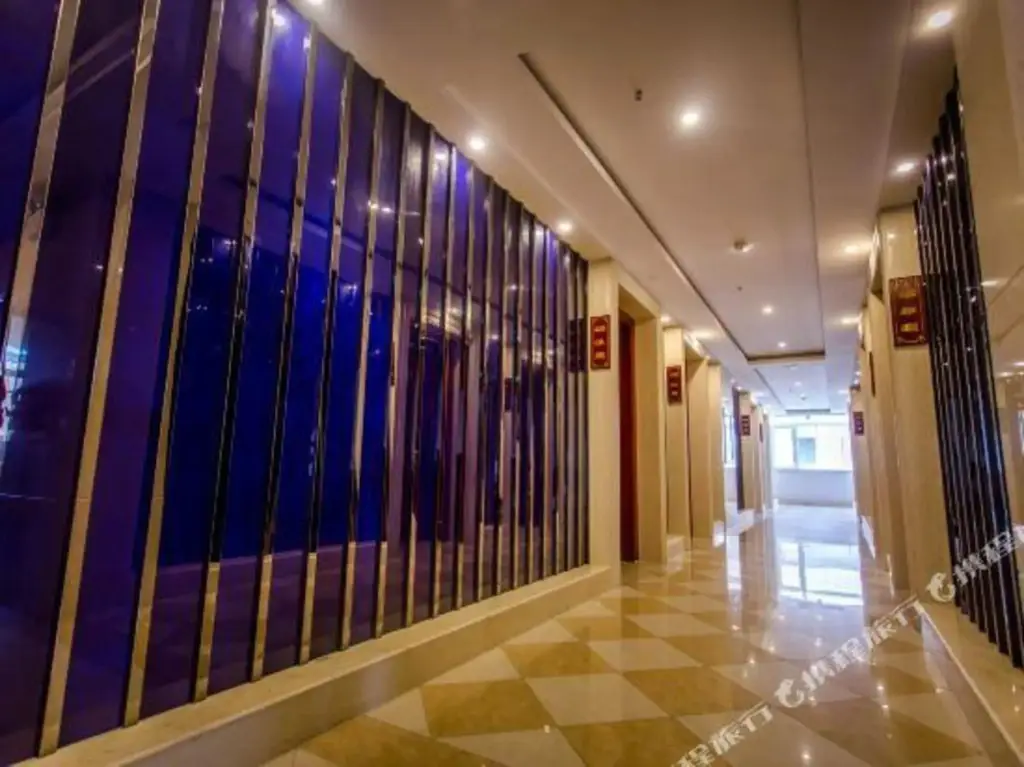 Вэйхай: New Residence Hotel (Weihai Station)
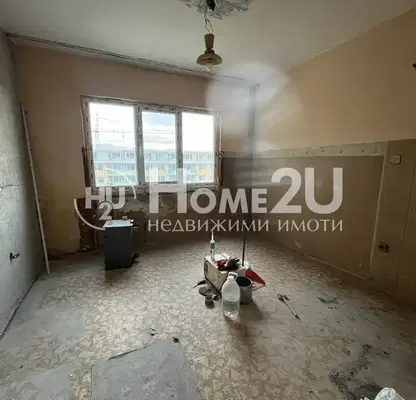 Снимка 2 — Тристаен апартамент с 4 отделни помещения в кв. Южен, Пловдив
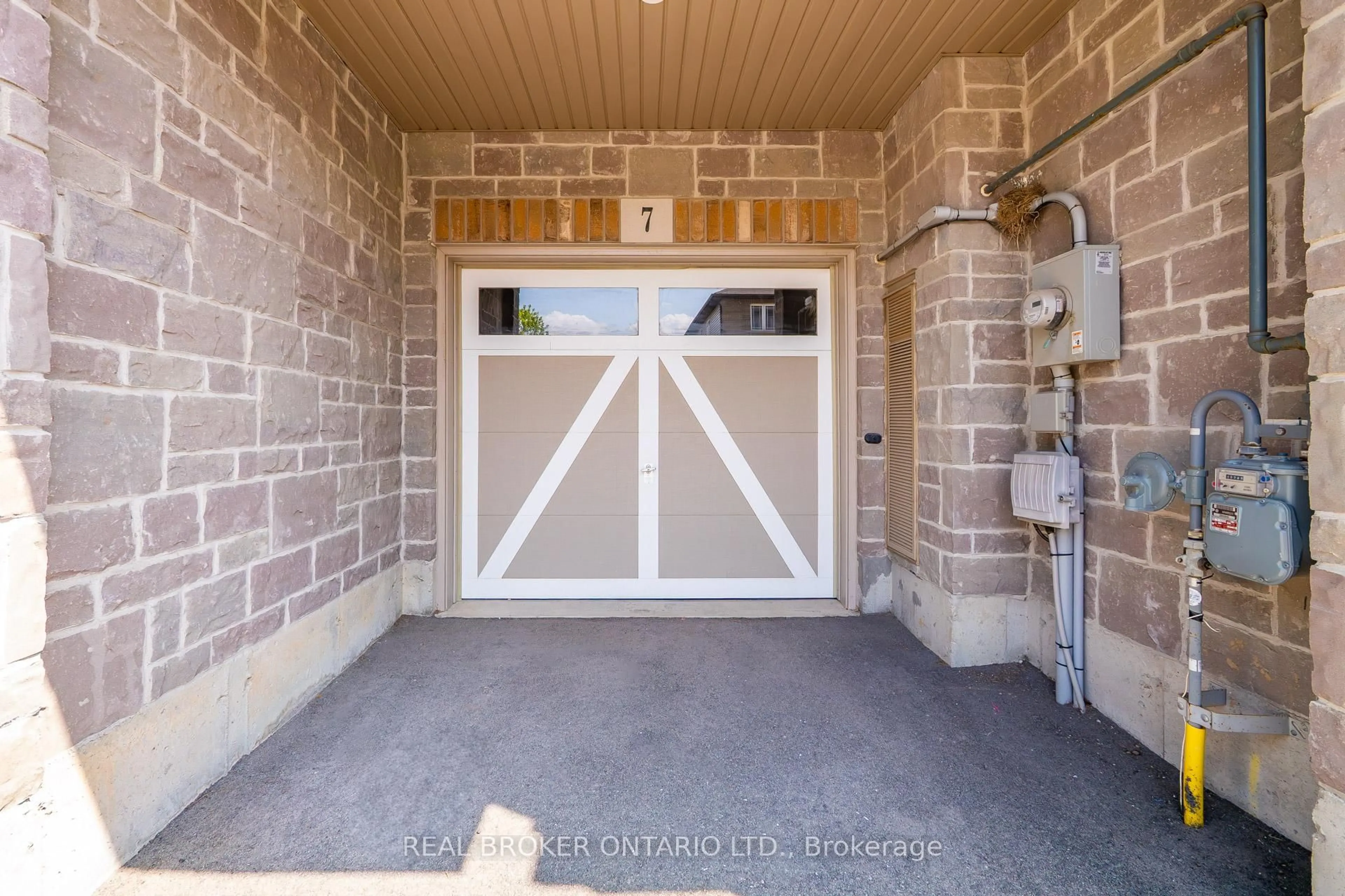 Indoor entryway for 7 Ladybell Lane, Hamilton Ontario L0R 1P0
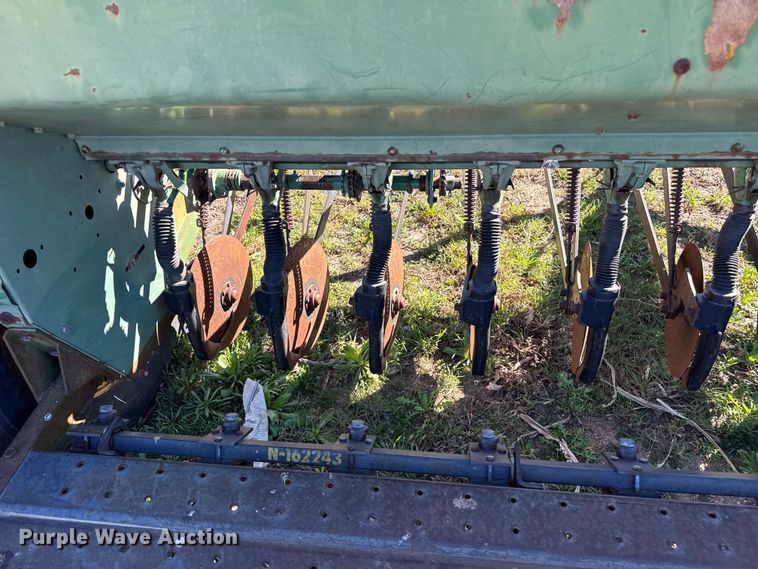 image for item DZ5181 John Deere 8200 grain drill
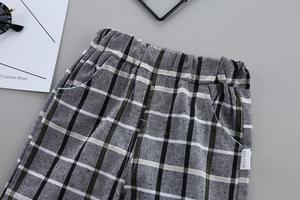 Ensembles de vêtements de sport pour enfants garçons à manches courtes comprenant un t-shirt blanc avec cravate et un pantalon - Product Image 2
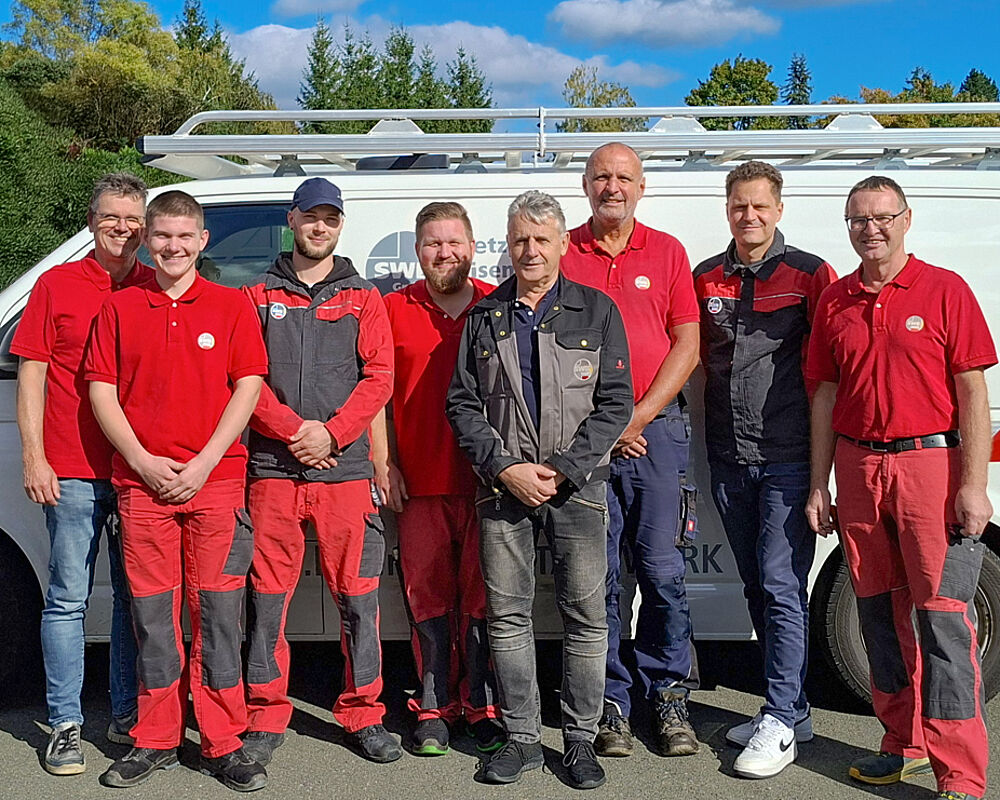 Ein Gruppenbild der Ableser der Netzgesellschaft Eisenberg vor dem Firmenfahrzeug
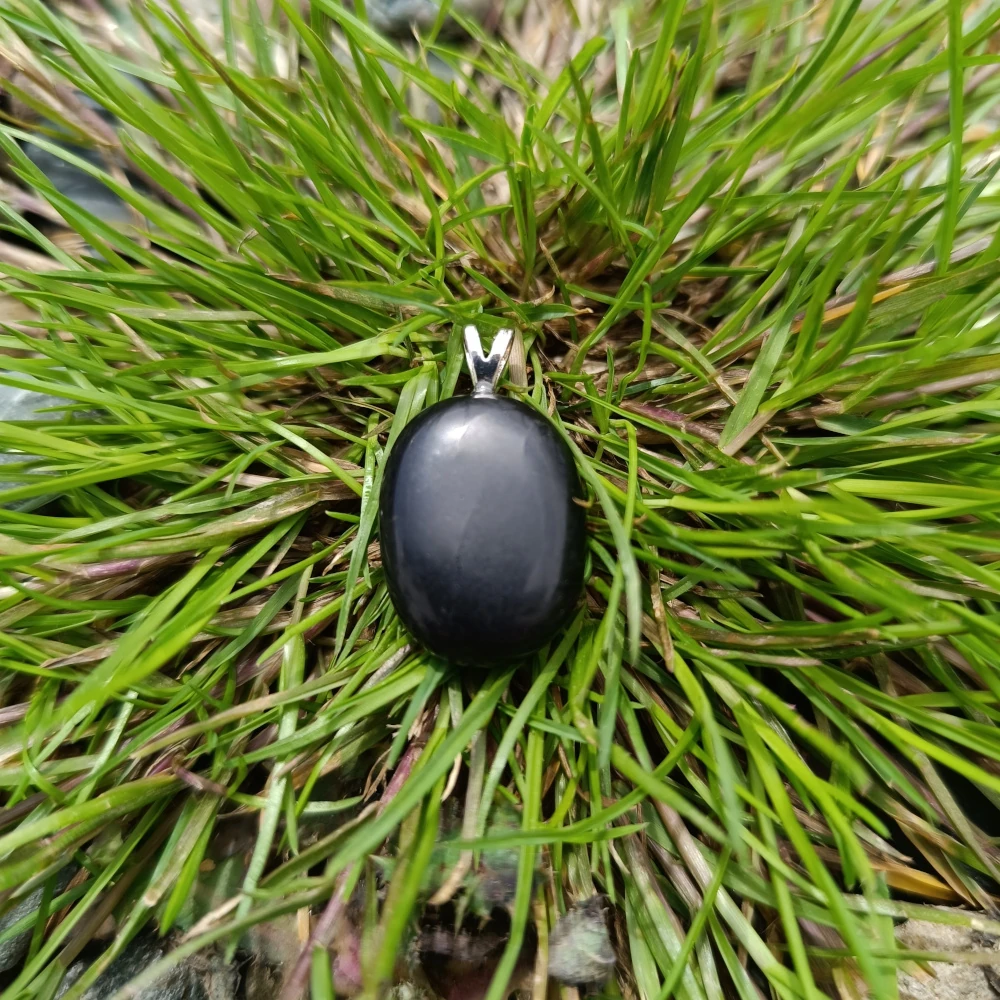 Schungit Halsanhaenger in ovaler Form
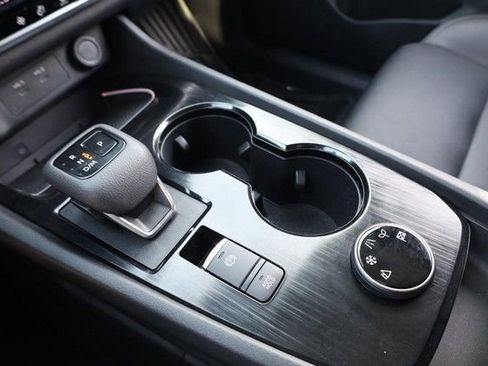 Certified 2024 Nissan Rogue SL AWD/4WD image 16
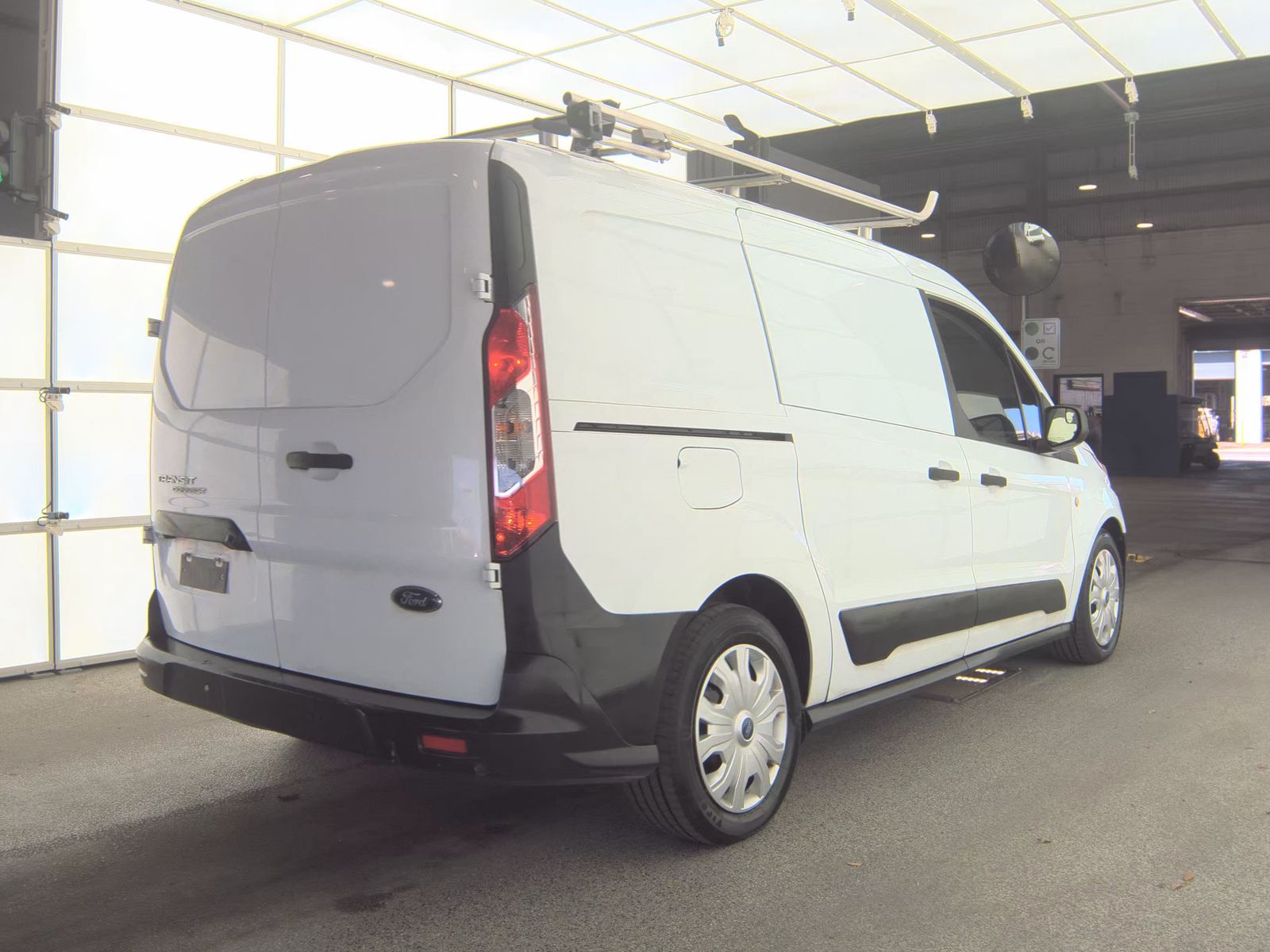 FORD TRANSIT CONNECT - 6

- What is needed
Please return exactly the lines from the one containing "Ein Gruppenbild der" through the end of the material above, both ends included, but not the pictures.

- The completed task
 Ein Gruppenbild der Ableser der Netzgesellschaft Eisenberg vor dem Firmenfahrzeug
 Schungit Halsanhaenger in ovaler Form
 Certified 2024 Nissan Rogue SL AWD/4WD image 16
 FORD TRANSIT CONNECT - 6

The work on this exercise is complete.